In seltenen Fällen kann es auch zu Organschwächen und –missbildungen, oder zu Knochen- und Gefiedermissbildungen kommen.

Uns ist wichtig, dass ihr über diese Risiken Bescheid wisst, gleichzeitig möchten wir aber auch betonen, dass es sich hierbei lediglich um mögliche Folgen handelt. Niemand kann genau sagen, in wie fern und ob sich überhaupt Auswirkungen der Haltungs- und Zuchtbedingungen bemerkbar machen werden.

0401
18.12.2008, 08:59
Hallo Steffi, wäre es möglich, die Untersuchungen vor der Vermittlung durchführen zu lassen?

Kostenerstattung ist selbstverständlich!

Steffi-Lotte
18.12.2008, 13:07
Hallo,

ich denke das wird eher schwierig, da es nun ohnehin doppelt so viele Piepser unterzubringen gilt, als geplant. Bei Renate hausen grade 170 Wellis in der Küche, nur mal so als Beispiel.

Es geht dir hauptsächlich um die Megas, oder? Das kann ich gut verstehen, und würde bei einem positiven Mega-Befund die Tiere auch nicht in einen bis dahin mega-freien Schwarm setzen.

Wäre es denn eine Alternative, dass du die drei bei positivem Befund solange als Pflegestelle behälst, bis wir sie weitervermittelt haben? Da Megas ja nur bei direktem Kontakt über den Kot übertragen wären, müssten sie nur in einem anderen Zimmer als deine eigenen stehen.
Es geht hier wirklich hauptsächlich um die Unterbringung, es sind einfach viel zu viele.

Es spreche das mit dem Eingangscheck aber auf jeden Fall nochmal bei Renate und Tine an und informiere dich dann.

:cu:

0401
19.12.2008, 08:51
Ich würde die Vögel auf jeden Fall mit Kolloidalem Silber behandeln.

Tötet Pilze und Bakterien auf natürliche Weise ab, äußerlich sowie innerlich! Mein Mittel für all meine Tiere (und für mich auch).

Ich kann jedem nur dieses Buch empfehlen:

http://kolloidales-silber.org/index.php?page=A_Neues_Buch

Auch zur Desinfektion geeignet.

Deshalb, auch wenn der Eingangscheck nicht klappt, müssen sie halt 1-2 Tage in nem kleineren Käfig ausharren... Dann sind alle Bakterien und Pilze abgetötet.

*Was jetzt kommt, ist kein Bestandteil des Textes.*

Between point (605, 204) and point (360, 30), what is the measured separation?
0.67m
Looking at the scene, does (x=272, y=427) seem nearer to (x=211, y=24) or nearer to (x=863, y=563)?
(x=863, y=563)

Habt ihr eigentlich schon einen Terminplan?

0401
19.12.2008, 09:09
Schau z.B. da:

http://www.zeitenschrift.com/magazin/49-kolloidalessilber.ihtml

Ich hatte nach einem Hundebiss 3 schöne Löcher in der Hand, mit Silber besprüht, und du konntest zusehen wie sie kleiner wurden.

Der Arzt hat sich sehr gewundert, da die Wunde nach 1 h so schnell verschlossen war.

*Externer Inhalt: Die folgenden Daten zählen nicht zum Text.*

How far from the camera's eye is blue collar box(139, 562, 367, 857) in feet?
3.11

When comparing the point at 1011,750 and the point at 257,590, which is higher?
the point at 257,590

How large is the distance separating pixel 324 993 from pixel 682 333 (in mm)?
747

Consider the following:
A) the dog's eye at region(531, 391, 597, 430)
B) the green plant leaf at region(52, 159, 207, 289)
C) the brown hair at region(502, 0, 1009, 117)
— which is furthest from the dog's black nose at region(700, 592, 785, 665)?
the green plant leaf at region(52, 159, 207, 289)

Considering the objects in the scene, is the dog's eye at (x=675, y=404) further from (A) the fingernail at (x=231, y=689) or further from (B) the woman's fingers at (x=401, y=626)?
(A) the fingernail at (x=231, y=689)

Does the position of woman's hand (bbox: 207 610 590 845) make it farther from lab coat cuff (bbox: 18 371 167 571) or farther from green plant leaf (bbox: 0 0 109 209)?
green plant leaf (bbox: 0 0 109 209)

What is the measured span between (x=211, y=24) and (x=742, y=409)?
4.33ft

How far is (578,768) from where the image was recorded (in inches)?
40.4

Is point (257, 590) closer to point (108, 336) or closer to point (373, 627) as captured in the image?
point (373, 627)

Nur ein Beispiel von vielen.

Steffi-Lotte
20.12.2008, 11:12
Einen genauen Terminplan gibt es noch nicht, wird aber zur Zeit ausgearbeitet. Es ist ja völlig normal, dass neue Vögel erst mal ein paar Tage oder auch Wochen in einem anderen Zimmer unter gebracht werden.

:cu:

0401
20.12.2008, 12:02
:?: Findest du?

Ich hab jedes Mal den Käfig neben die Voli gestellt, schon kam der Schwarm ans Gitter und hat den Neuzugang begutachtet.

Spätestens nach 30 Min war der "Neue" in der Voli und es gab nie Probleme.

Steffi-Lotte
20.12.2008, 18:21
Hallo,

ich handhabe es immer so, dass ich einen Kropfabstrich und eine Kotprobe beim TA untersuchen lasse und bis ich da die negativen Ergebnisse habe, bleibt der Neuzugang im separaten Zimmer. Nicht, dass ich nachher den ganzen Schwarm gegen Trichos oder so behandeln muss.;)

0401
21.12.2008, 09:13
Ich denke, wenn wir die drei übernehmen, fahren wir gleich nach Metten weiter.